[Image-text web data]
-- Opening Marker --

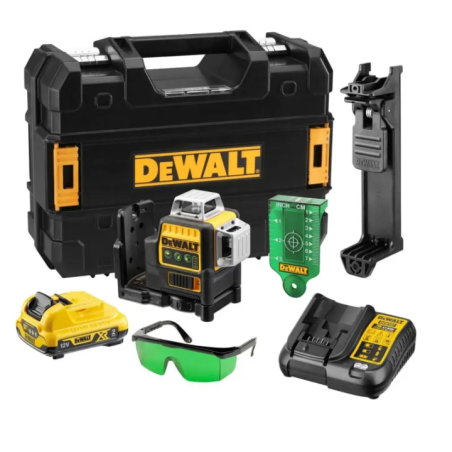 Dewalt 10.8v Multiline Laser Green DCLE34031D1-QW image-1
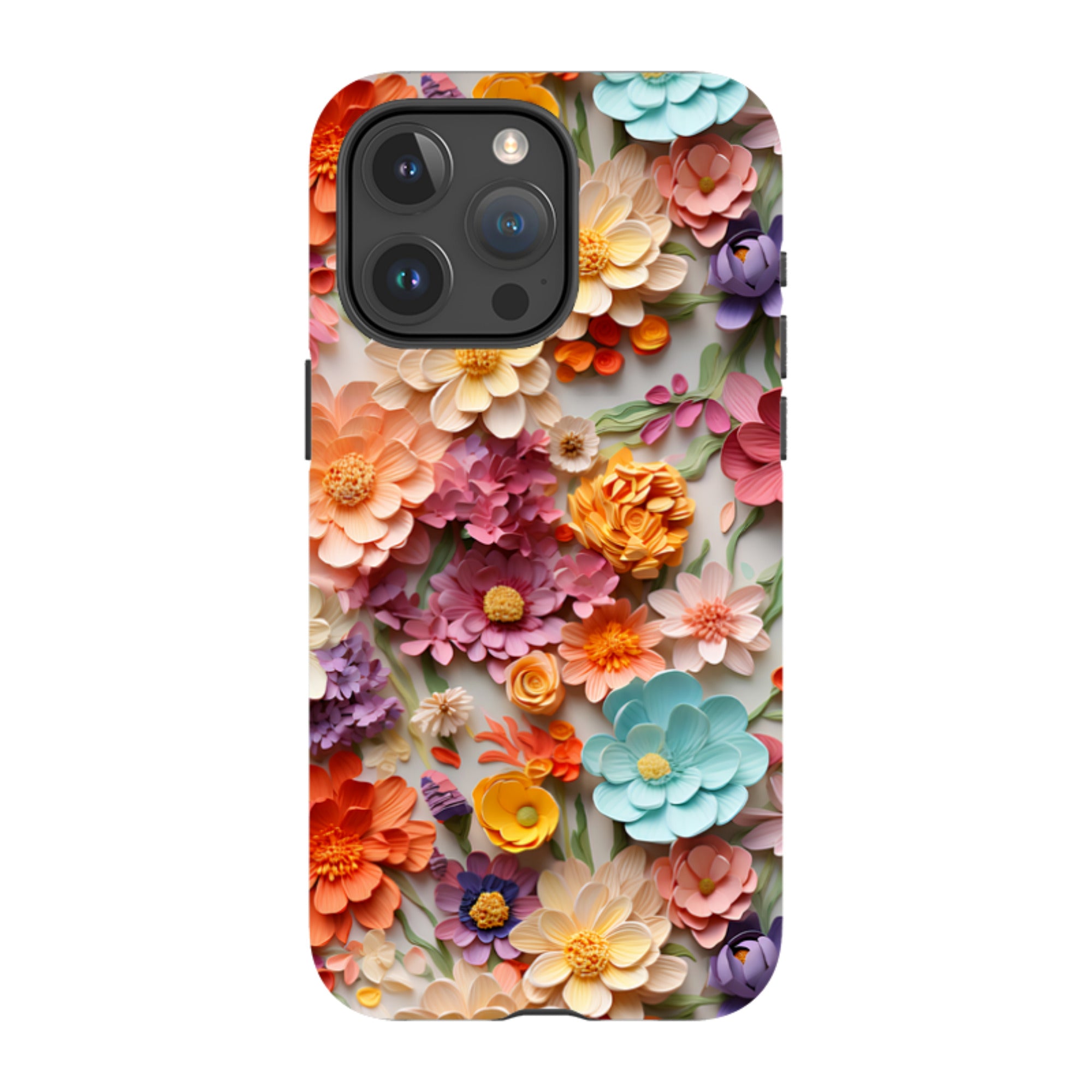 iPhone Tough Case -Ostara Floral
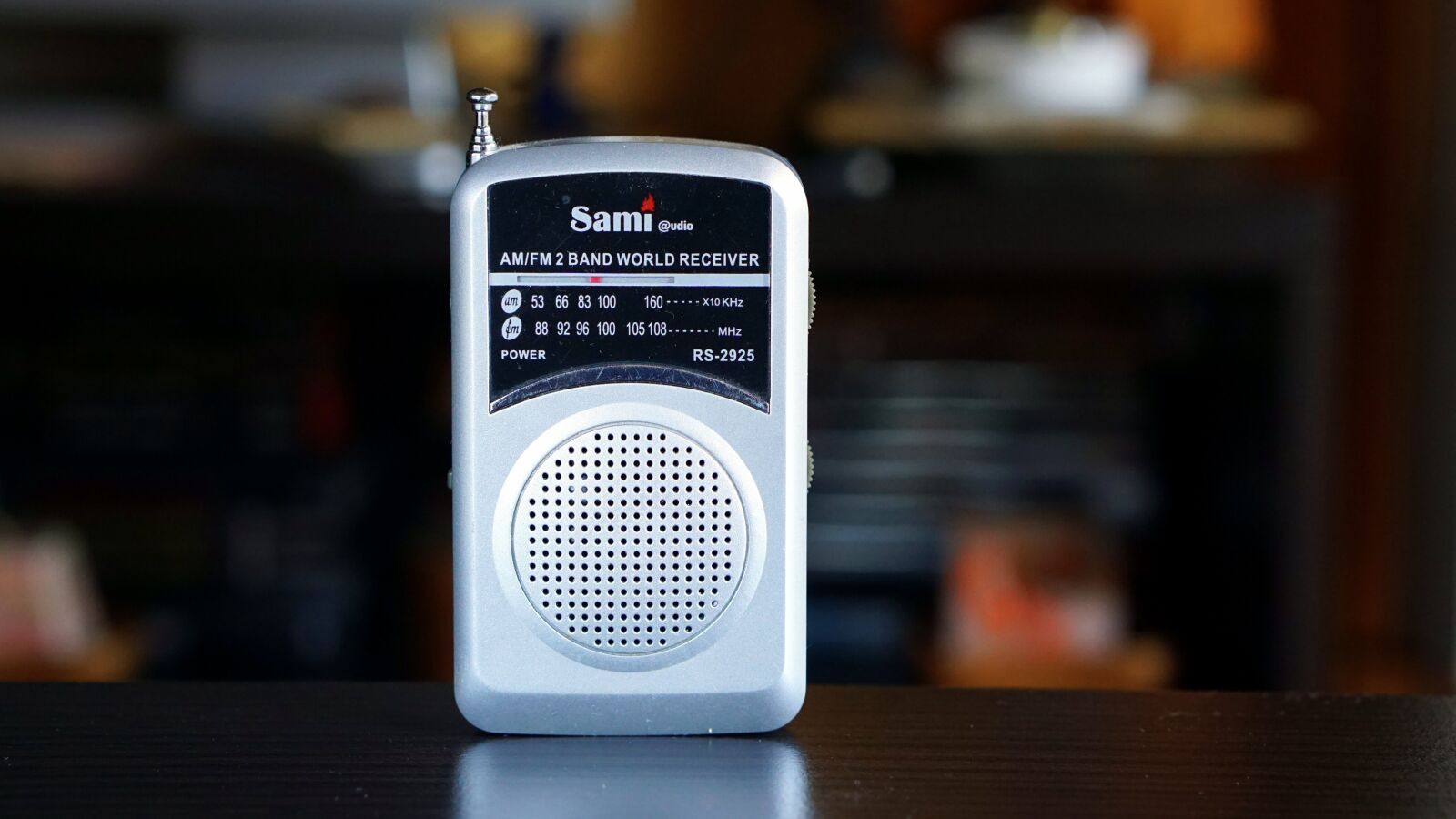 E 50mm F1.8 OSS sample photo. Radio, fm, communication photography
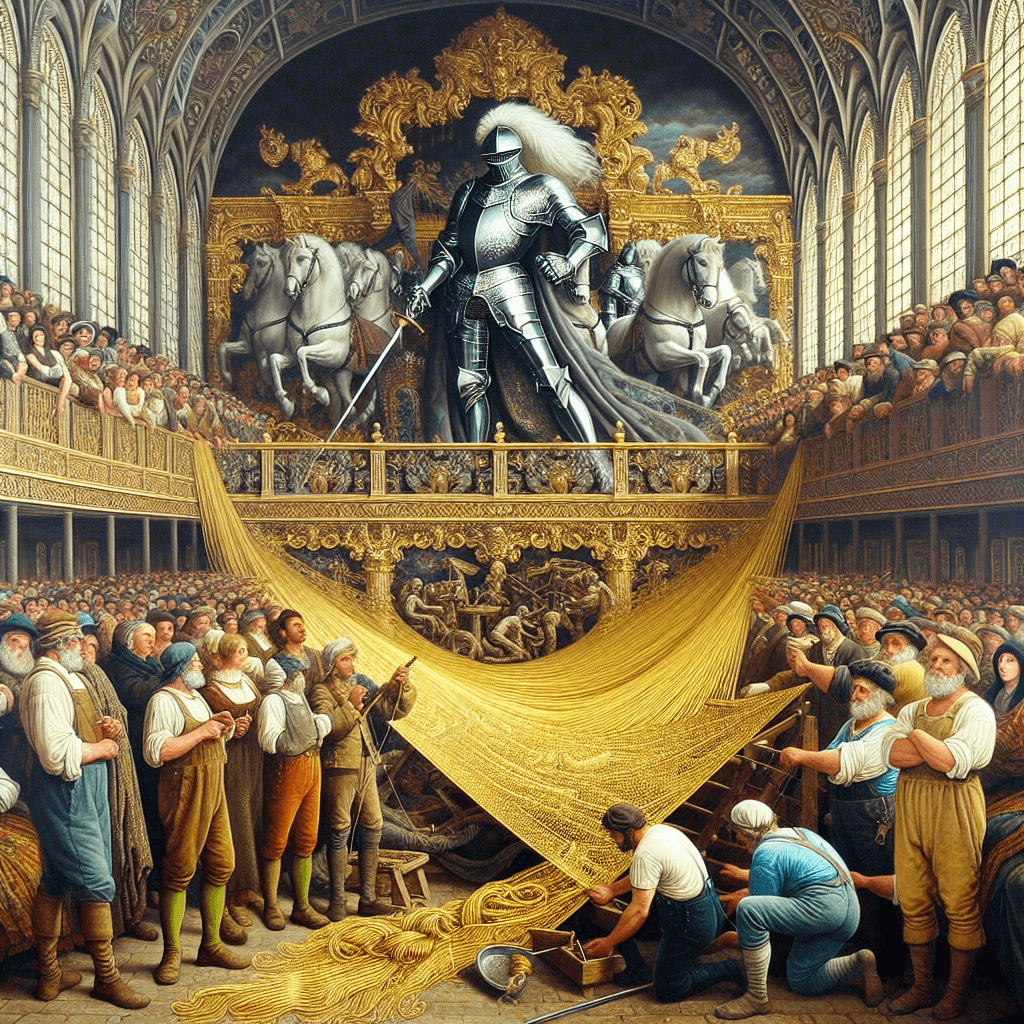 The Gilded Quests of Common Man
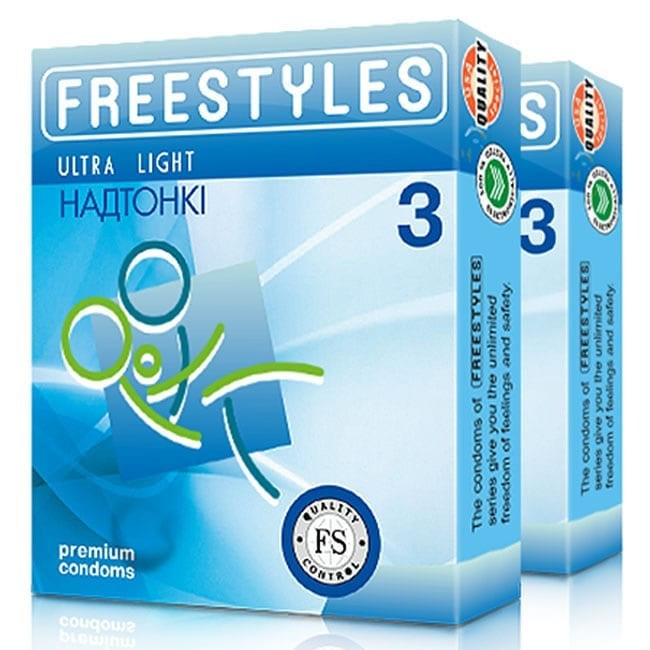 Freestyles Light, 3 шт. (3800032312075)
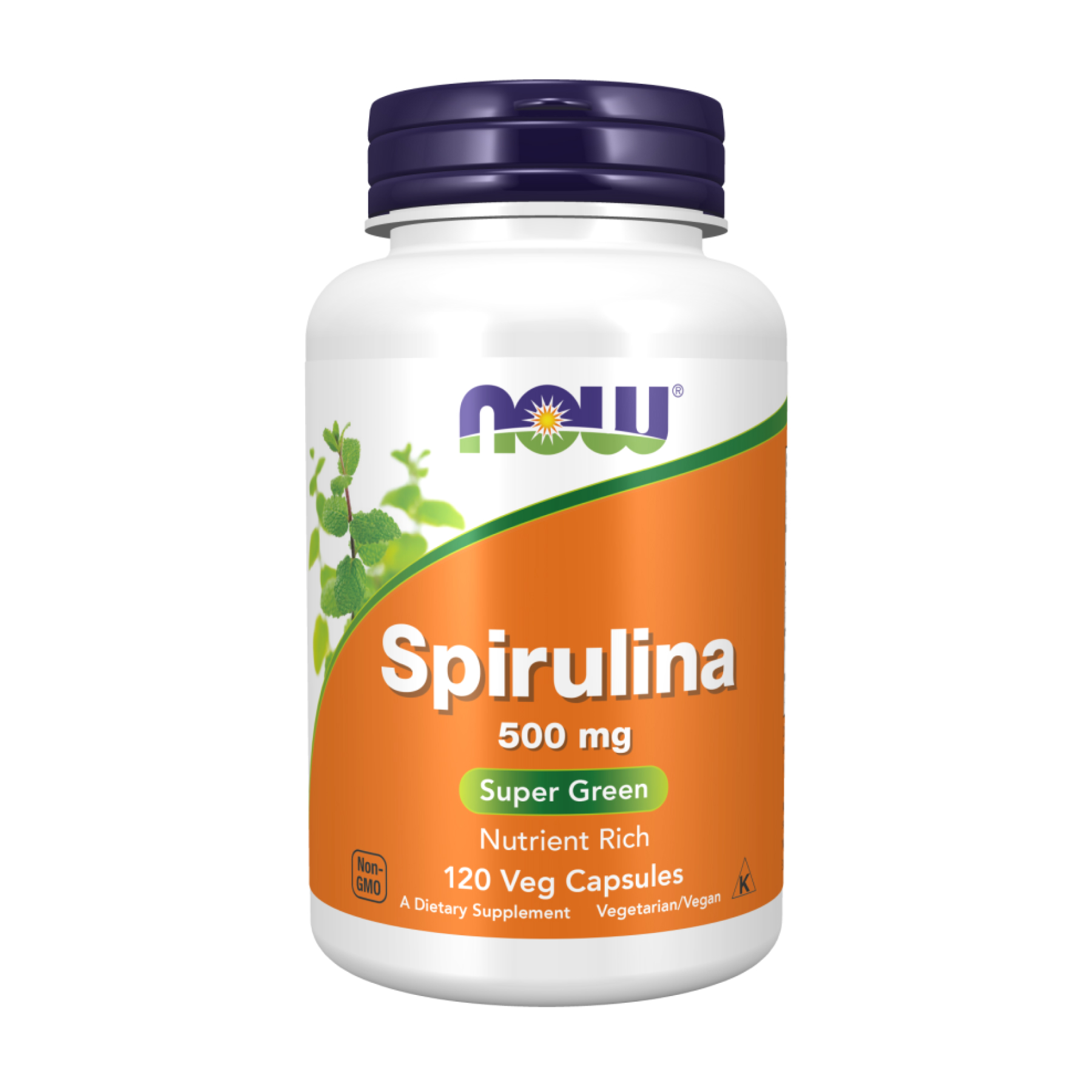 Spirulina 500 mg - 120 vcaps Spirulina 500 mg - 120 vcaps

-- Closing Marker --

(Goal of the exercise): Give back exactly the lines from the line with "E 50mm F1.8" through the end of the records, both included; keep all pictures out.

(Exercise response):
 E 50mm F1.8 OSS sample photo. Radio, fm, communication photography
 The Gilded Quests of Common Man
 Freestyles Light, 3 шт. (3800032312075)
 Spirulina 500 mg - 120 vcaps Spirulina 500 mg - 120 vcaps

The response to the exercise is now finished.